On September 30th, Concord University’s Sociology Department visited Greensboro, North Carolina. They visited two museums: the Greensboro Historical Museum and the International Civil Rights Center and Museum. Their visit to the International Civil Rights Center and Museum during this field trip is especially relevant considering the prevalence and importance of the Black Lives Matter movement. 

    Their day started on Concord’s Athens campus. Once in Greensboro, the first museum taught students the rich history of Greensboro. From early Native American history to current history, including the facts of local manufacturing, students were immersed in the facts of Greensboro. 

    According to the museum’s website, http://greensborohistory.org/about-us, “The museum celebrates Greensboro’s local culture and the city’s prominent place in American history. Collections document the many different nationalities and people who impacted the county’s history: Native Americans, Germans, African Americans, Quakers and Scots-Irish. Archives and artifacts relate to the lives of prominent Guilford County residents, such as David Caldwell, First Lady Dolley Madison, Governor John Motley Morehead, author O. Henry and educator Charles Henry Moore.”
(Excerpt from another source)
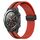 Per Huawei Watch 2 Cinturino in silicone pieghevole da 20 mm con chiusura magnetica (rosso + nero) Per Huawei Watch 2 Cinturino in silicone pieghevole da 20 mm con chiusura magnetica (rosso + nero)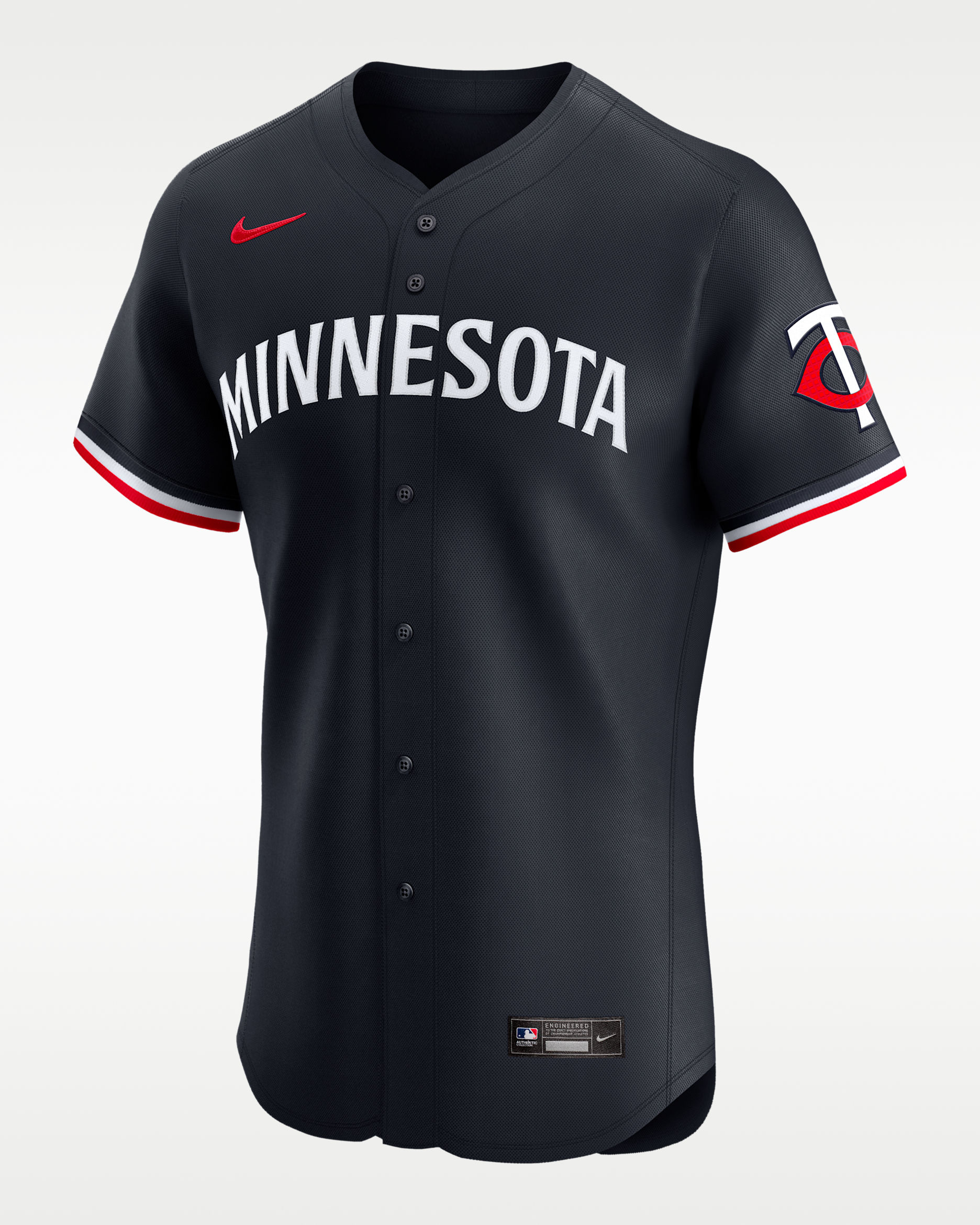 Jersey Nike Dri-FIT ADV de la MLB Elite para hombre Minnesota Twins - Azul marino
    The website goes on to say  that the museum is, “For students, for families, for researchers, for everyone opportunities to study events in colonial Guilford County, the Civil War, the roots of the Civil Rights Movement, and the rise of textile manufacturing in the South. With more than 17,000 square feet of stories, the Greensboro Historical Museum is bigger and better, making it the place to learn about Greensboro.” 

    But the International Civil Rights Center and Museum was a completely unparalleled experience. Its powerful content moved students and faculty alike. The museum features Authentic Ku Klux Klan uniforms, Rebel flags, segregation propaganda, and more. The largest artifact of that time is the authentic unmodified Woolworth lunch counter that hosted the first peaceful protest sit in by four N.C. A&T freshmen. Franklin McCain, Joseph McNeil, Ezell Blair, Jr. and David Richmond on February 1, 1960 sat down at the “whites only” lunch counter and ignited America’s sit-in and peaceful protest movement that continues even now. 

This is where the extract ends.